Monday, June 20, 2022

From BnB to AirBnB - the History and Meltdown of the Gig Economy

The Gig Economy is going to melt down, eventually.  In the meantime, most of us little folks will get hurt.

Once upon a time, maybe 50 years ago, there was a mythical land of enchantment called the United States of America.  It was a prosperous place, but one that was carefully regulated.  You couldn't just paint "taxi" on the side of your car and drive people around for money.  That had been tried, decades prior, and it was decided it was a bad idea.  So instead, the number of taxis was regulated and there were standards that had to be met to own and operate a cab.  This prevented an oversupply of cabbies and outright wars between cab companies (and by wars, we mean violence, not price wars).

Back in those halcyon days, you couldn't just throw a few mattresses on the floor and call your house a "Hotel" - there were regulations in place, beginning with zoning.  If your area was zoned residential, you could not run a commercial enterprise there.  The number, location, and type of hotels and motels was controlled, and they were inspected and had to meet standards, for example, for fire protection.   Hotel owners couldn't charge "hidden fees" tacked on to your credit card after you left.  There were rules - rules to protect the public from an unscrupulous few.
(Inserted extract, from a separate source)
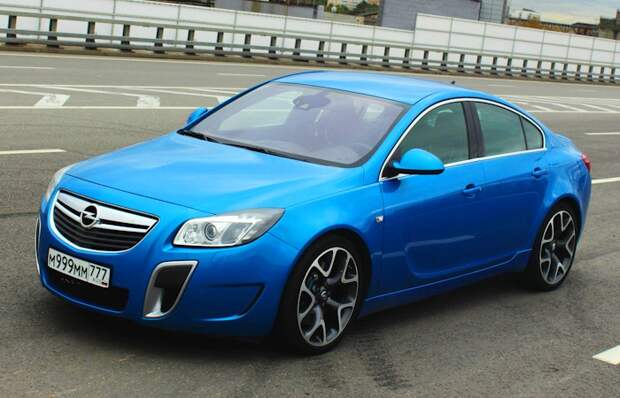 Opel Insignia – привлекательный седан, покупка которого позволит немало сэкономить.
But that started to change.  Maybe it was the recession of the late 1970's and early 1980's - that's about when the "Bed and Breakfast" fad started.  People would rent out rooms in their house, or cabins, as a "Bed and Breakfast" lodging, complete with a bed (duh!) and a light breakfast served the next day.  At first, there was opposition - from neighbors and from competing hotels.  But in the name of "do your own thing" many municipalities went along with this new trend, as it was deemed to be "good for the economy" and would attract tourism.

For every winner, of course, there were losers.  Maybe the "BnB" owner was making some money at it (doubtful - I have heard horror stories from nearly every BnB owner I have met - most sell out after five years or so due to the hassles and costs) but the neighbors weren't too happy about the increased traffic, the noise of vacationers having a good time, and so on and so forth.

The concept expanded.  Vacation Rentals By Owner or VRBO allowed people to rent out apartments and even houses as vacation destinations.  They are now merged with AirBnB and call themselves "Ver-Bow" which is a stupid name.

I hate to say it, but we were caught up in this trend as well.  In the early 2000's, we bought two condos in an 11-unit building that had been rental apartments in a somewhat sketchy part of Pompano Beach, Florida.  It was on the water, with deeded dock spaces and with so many vacation hotels being bulldozed to make room for high-rise condos (and we know how that worked out in 2008!) there was a demand from "Snowbirds" from up North (and Canada) for places to stay for the winter.

We rented out our condos by the week and month and made good money.  A real Godsend was back-to-back hurricanes, which provided us with rental income in the summer, as State Farm needed places for their adjusters to stay while handling the backlog of claims.  We made good money - and then sold out for twice what we paid for the place.  That was back in 2007.

Of course, there were victims in this scenario.  While it is inexcusable that waterfront property should fall so far from grace, the apartments that were there before the place went condo were a haven for local workers who needed a cheap place to live.  When the place went condo, they were evicted, and 11 units were taken out of the local housing stock (about three or four were rented back to "full time" residents, however, as their owners were only interested in the dock spaces!).

I have mixed feelings about this. In retrospect, we were guilty of "gentrifying" the neighborhood - if "guilt" is the right word.  By sprucing up the old apartment building, we helped bring up property values in the neighborhood, which were on the rise anyway.   If we hadn't bought there, someone else would have - likely a speculator who would have flipped the properties in a matter of months.  It is a double-edged sword.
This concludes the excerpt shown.